Bana kalırsa Dostoyevski’nin en önemli özelliği,
çağdaşlarıyla birlikte roman sanatının büyük klasiklerini yazmasına karşın,
döneminin tek egemen anlayışı olan büyük gerçekçilikle tanımlanması
–sınırlandırılması– olanaksız bir roman anlayışı yaratmış olması. Victor Terras
da Dostoyevski’nin romanlarının gerçeği ne kadar yansıttığının çok
tartışıldığını belirtiyor. Dostoyevski’nin, döneminin büyük gerçekçilik
anlayışının hep aradığı tipikleri yaratmak yerine, gerçeği çarpıttığı, sıradan
olanı aradığı, bu arada sıra dışı olanı öne çıkardığı, fantastikten ve gizemden
yararlandığı elbette belirtilebilir.
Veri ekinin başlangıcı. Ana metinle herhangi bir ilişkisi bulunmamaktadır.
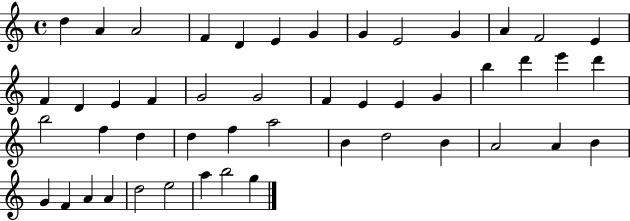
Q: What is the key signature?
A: C major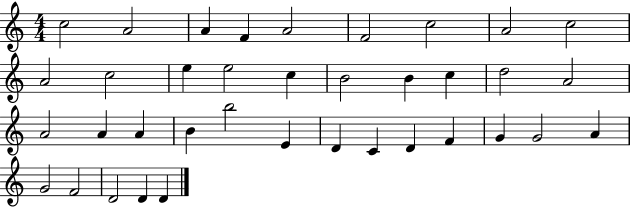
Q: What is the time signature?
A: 4/4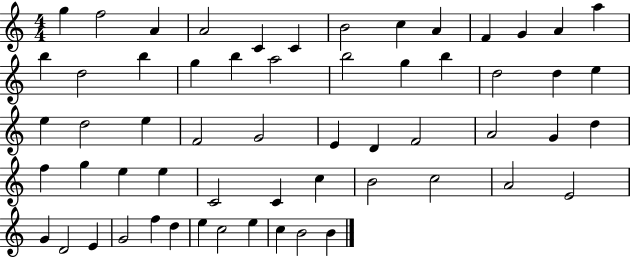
{
  \clef treble
  \numericTimeSignature
  \time 4/4
  \key c \major
  g''4 f''2 a'4 | a'2 c'4 c'4 | b'2 c''4 a'4 | f'4 g'4 a'4 a''4 | \break b''4 d''2 b''4 | g''4 b''4 a''2 | b''2 g''4 b''4 | d''2 d''4 e''4 | \break e''4 d''2 e''4 | f'2 g'2 | e'4 d'4 f'2 | a'2 g'4 d''4 | \break f''4 g''4 e''4 e''4 | c'2 c'4 c''4 | b'2 c''2 | a'2 e'2 | \break g'4 d'2 e'4 | g'2 f''4 d''4 | e''4 c''2 e''4 | c''4 b'2 b'4 | \break \bar "|."
}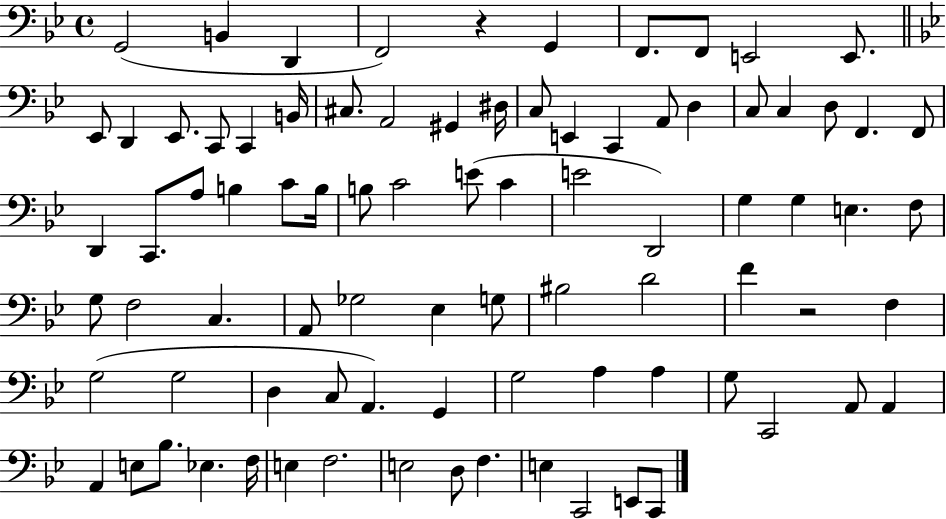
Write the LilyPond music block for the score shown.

{
  \clef bass
  \time 4/4
  \defaultTimeSignature
  \key bes \major
  \repeat volta 2 { g,2( b,4 d,4 | f,2) r4 g,4 | f,8. f,8 e,2 e,8. | \bar "||" \break \key bes \major ees,8 d,4 ees,8. c,8 c,4 b,16 | cis8. a,2 gis,4 dis16 | c8 e,4 c,4 a,8 d4 | c8 c4 d8 f,4. f,8 | \break d,4 c,8. a8 b4 c'8 b16 | b8 c'2 e'8( c'4 | e'2 d,2) | g4 g4 e4. f8 | \break g8 f2 c4. | a,8 ges2 ees4 g8 | bis2 d'2 | f'4 r2 f4 | \break g2( g2 | d4 c8 a,4.) g,4 | g2 a4 a4 | g8 c,2 a,8 a,4 | \break a,4 e8 bes8. ees4. f16 | e4 f2. | e2 d8 f4. | e4 c,2 e,8 c,8 | \break } \bar "|."
}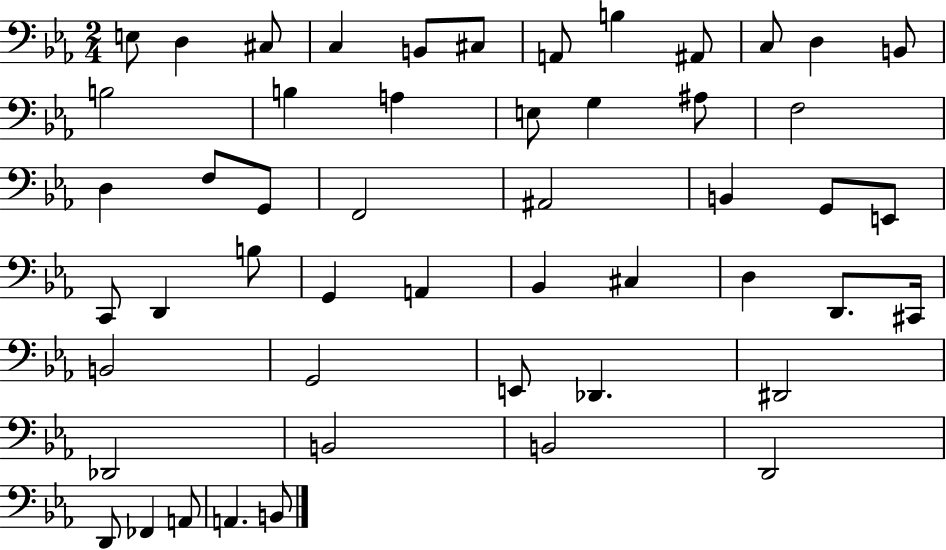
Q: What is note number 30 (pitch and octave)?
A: B3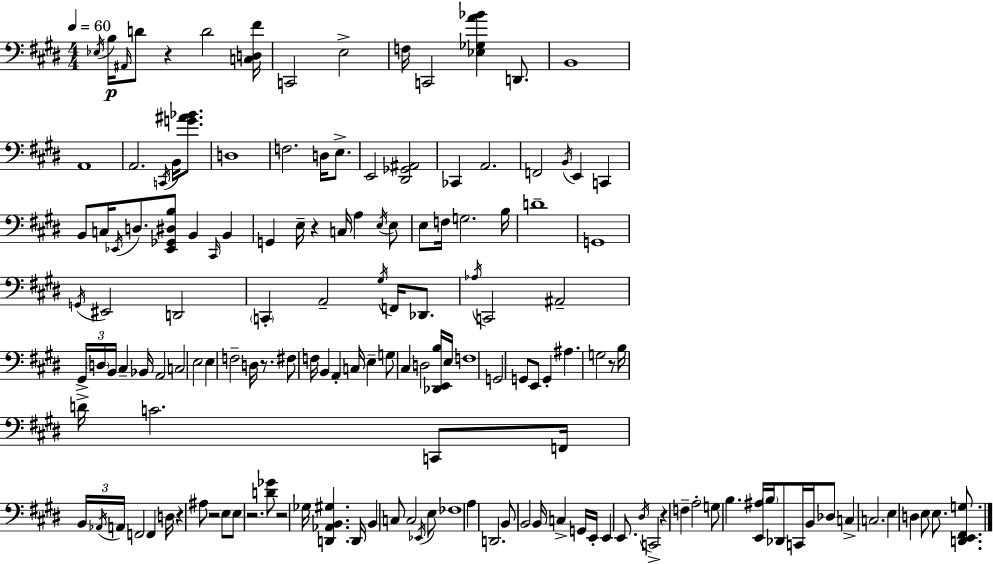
Eb3/s B3/s A#2/s D4/e R/q D4/h [C3,D3,F#4]/s C2/h E3/h F3/s C2/h [Eb3,Gb3,A4,Bb4]/q D2/e. B2/w A2/w A2/h. C2/s B2/s [G4,A#4,Bb4]/e. D3/w F3/h. D3/s E3/e. E2/h [D#2,Gb2,A#2]/h CES2/q A2/h. F2/h B2/s E2/q C2/q B2/e C3/s Eb2/s D3/e. [Eb2,Gb2,D#3,B3]/e B2/q C#2/s B2/q G2/q E3/s R/q C3/s A3/q E3/s E3/e E3/e F3/s G3/h. B3/s D4/w G2/w G2/s EIS2/h D2/h C2/q A2/h G#3/s F2/s Db2/e. Ab3/s C2/h A#2/h G#2/s D3/s B2/s C#3/q Bb2/s A2/h C3/h E3/h E3/q F3/h D3/s R/e. F#3/e F3/s B2/q A2/q C3/s E3/q G3/e C#3/q D3/h [Db2,E2,B3]/s E3/s F3/w G2/h G2/e E2/e G2/q A#3/q. G3/h R/e B3/s D4/s C4/h. C2/e F2/s B2/s Ab2/s A2/s F2/h F2/q D3/s R/q A#3/e R/h E3/e E3/e R/h. [D4,Gb4]/e R/h Gb3/s [D2,Ab2,B2,G#3]/q. D2/s B2/q C3/e C3/h Eb2/s E3/e FES3/w A3/q D2/h. B2/e B2/h B2/s C3/q G2/s E2/s E2/q E2/e. D#3/s C2/h R/q F3/q A3/h G3/e B3/q. [E2,A#3]/s B3/s Db2/e C2/s B2/s Db3/e C3/q C3/h. E3/q D3/q E3/e E3/e. [D2,E2,F#2,G3]/e.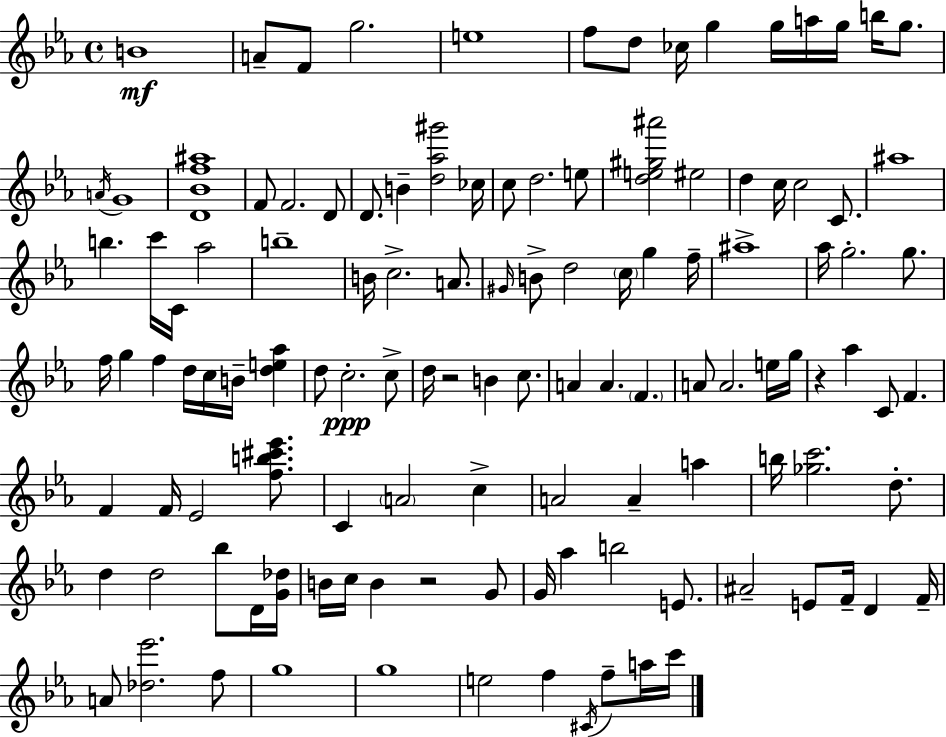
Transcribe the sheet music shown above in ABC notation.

X:1
T:Untitled
M:4/4
L:1/4
K:Eb
B4 A/2 F/2 g2 e4 f/2 d/2 _c/4 g g/4 a/4 g/4 b/4 g/2 A/4 G4 [D_Bf^a]4 F/2 F2 D/2 D/2 B [d_a^g']2 _c/4 c/2 d2 e/2 [de^g^a']2 ^e2 d c/4 c2 C/2 ^a4 b c'/4 C/4 _a2 b4 B/4 c2 A/2 ^G/4 B/2 d2 c/4 g f/4 ^a4 _a/4 g2 g/2 f/4 g f d/4 c/4 B/4 [de_a] d/2 c2 c/2 d/4 z2 B c/2 A A F A/2 A2 e/4 g/4 z _a C/2 F F F/4 _E2 [fb^c'_e']/2 C A2 c A2 A a b/4 [_gc']2 d/2 d d2 _b/2 D/4 [G_d]/4 B/4 c/4 B z2 G/2 G/4 _a b2 E/2 ^A2 E/2 F/4 D F/4 A/2 [_d_e']2 f/2 g4 g4 e2 f ^C/4 f/2 a/4 c'/4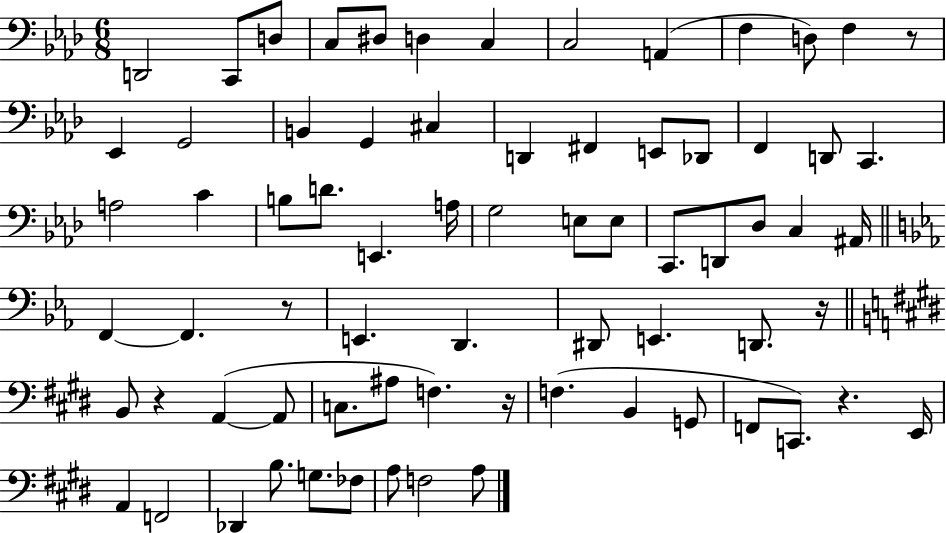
X:1
T:Untitled
M:6/8
L:1/4
K:Ab
D,,2 C,,/2 D,/2 C,/2 ^D,/2 D, C, C,2 A,, F, D,/2 F, z/2 _E,, G,,2 B,, G,, ^C, D,, ^F,, E,,/2 _D,,/2 F,, D,,/2 C,, A,2 C B,/2 D/2 E,, A,/4 G,2 E,/2 E,/2 C,,/2 D,,/2 _D,/2 C, ^A,,/4 F,, F,, z/2 E,, D,, ^D,,/2 E,, D,,/2 z/4 B,,/2 z A,, A,,/2 C,/2 ^A,/2 F, z/4 F, B,, G,,/2 F,,/2 C,,/2 z E,,/4 A,, F,,2 _D,, B,/2 G,/2 _F,/2 A,/2 F,2 A,/2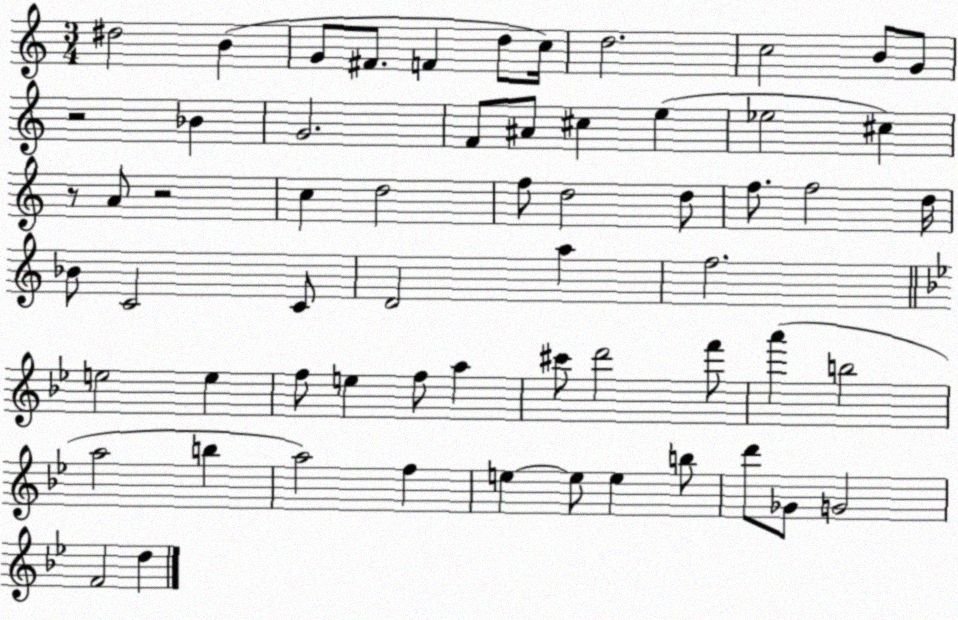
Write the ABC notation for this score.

X:1
T:Untitled
M:3/4
L:1/4
K:C
^d2 B G/2 ^F/2 F d/2 c/4 d2 c2 B/2 G/2 z2 _B G2 F/2 ^A/2 ^c e _e2 ^c z/2 A/2 z2 c d2 f/2 d2 d/2 f/2 f2 d/4 _B/2 C2 C/2 D2 a f2 e2 e f/2 e f/2 a ^c'/2 d'2 f'/2 a' b2 a2 b a2 f e e/2 e b/2 d'/2 _G/2 G2 F2 d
Sonunda büyük toplumsal durumların
taşıdığı büyük dramatik gerçeklikler çokça anlatılmıştır, en çok da yanı
başındaki Gogol, Tolstoy ve Turgenyev tarafından. Oysa Dostoyevski, Rus
toplumunun kıyıda kalmış en tuhaf kişiliklerinin dramatiğini, toplumun en
olumsuz kişiliklerini, kaybedenleri, sapkınlıkları anlatırken döneminin
yazarlarından ayrılır. Sonunda onu, romanlarının kişilerinden çıkarak yirminci
yüzyılın varoluşçuluğunun ve modernist edebiyatın habercilerinden görenler
olmuşsa, bunun da sağlam nedenleri var.
O günlerden bugüne sayısız eleştirmen, apayrı yönlerini öne
çıkararak Dostoyevski’yi kutsadı – bu arada özellikle on dokuzuncu yüzyıl
içinde onu olumsuzlayan pek çok eleştirmen de olduğu gibi. Dostoyevski’nin asıl
değeri Rusya’da ölümünden sonra anlaşılmıştı, aradan bir yüzyıl geçtikten sonra
dünyada da Dostoyevski yeniden keşfedilen, en önemli yazar sayılmaya başladı.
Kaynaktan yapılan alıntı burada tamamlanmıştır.